Dismantling DHEC: South Carolina considers fate of its huge health agency
COLUMBIA, S.C. — Public health workers in South Carolina have been tasked with keeping the state safe for 143 years, ever since a health board was created after a yellow fever outbreak in 1878.
Now, as we deal with the coronavirus pandemic, legislators are trying to break their agency apart.
South Carolina’s Department of Health and Environmental Control is responsible not only for vaccine distribution, but things like pollution permits for coal plants.
It’s a sprawling agency with nearly 4,000 workers.
Senate President Harvey Peeler would like to break it up, combining the state’s health and mental health services in one agency and the environmental duties in another agency.
Gov. Henry McMaster also supports dismantling DHEC.
Since the COVID-19 pandemic surged into public consciousness, the agency has taken a high-profile role.
But it’s faced criticism ranging from lack of transparency to the slow rollout of COVID-19 vaccinations.
Among the complaints are that it’s too large and unmanageable and lacks direct oversight from elected officials.
The new director, Dr.
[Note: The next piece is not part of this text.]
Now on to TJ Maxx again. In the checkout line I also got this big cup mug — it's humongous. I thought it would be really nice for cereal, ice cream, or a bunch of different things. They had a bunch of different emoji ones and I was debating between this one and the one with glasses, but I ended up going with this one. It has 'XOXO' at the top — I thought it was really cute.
Edward Simmer, asked for a year to fix the agency.
It’s been less than two weeks since the Senate confirmed him for the job, but lawmakers aren’t cutting him any slack.
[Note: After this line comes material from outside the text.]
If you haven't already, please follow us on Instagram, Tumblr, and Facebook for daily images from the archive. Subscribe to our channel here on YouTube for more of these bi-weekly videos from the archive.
Having gotten no commitment for more time, he’s started setting priorities for dealing with the pandemic.
Among the controversies faced by the agency is whether teachers should be moved ahead in the line for COVID-19 vaccinations. Teacher groups are vocally in favor of that, while the governor is against it.
Simmer has said he’d love to move teachers up in line, but not enough vaccine is available for that.
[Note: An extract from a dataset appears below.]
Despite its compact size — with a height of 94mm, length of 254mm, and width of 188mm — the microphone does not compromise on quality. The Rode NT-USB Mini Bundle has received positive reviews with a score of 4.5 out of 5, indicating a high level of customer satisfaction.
Simmer’s other priorities include boosting confidence in the coronavirus vaccine and getting people immunized. For that, he says working with community partners is key.
And then, he says, DHEC needs to take the vaccine to them, “rather than asking them to come to us. "
Simmer says the agency is still working on a new online system that should simplify the vaccine sign-up process.
The federal scheduling system is so difficult that some rural clinics have turned to using paper and ink to track appointments, seeing that as an improvement.
But DHEC’s own system has taken longer than expected.